Chi altra l’ha impressionata della sfida contro la Dinamo Minsk?
“Mi stava piacendo, fino a quando non è uscito dal campo, Richards. Grande fisico, grande piede e progressione tipica del calciatore inglese. Sono poi contento per Ilicic: gli auguro di essersi sbloccato mentalmente perché la Fiorentina con così tante assenze in attacco ha bisogno di un giocatore delle sue indubbie qualità tecniche. Sinceramente la sfida in Bielorussia mi è sembrata poco piu’ di un allenamento di metà settimana”.

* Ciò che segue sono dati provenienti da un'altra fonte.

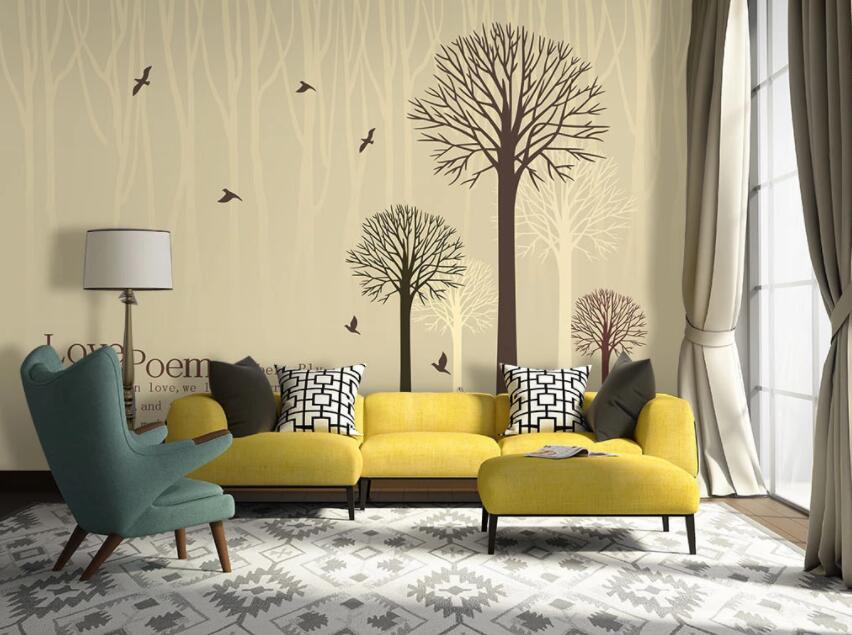 3D Dry Branches 601 Wall Murals Wallpaper AJ Wallpaper 2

Domenica prossima il calendario di serie A dice Fiorentina - Inter: due parti del suo cuore
“Mia moglie, tifosissima viola, mi impone di sostenere principalmente la squadra gigliata che mi sembra si presenti meglio psicologicamente alla gara del Franchi. Bernardeschi è bravo ed ha personalità. Credo possa essere la carta che se utilizzato può scompigliare le carte tatticamente del match. Della mia Inter è rimasta solo la maglia. E’ ancora in piena fase di costruzione tecnica e quindi Mazzarri ha ancora tanto da lavorare ma mi auguro per una volta che i nerazzurri se la giochino a viso aperto”.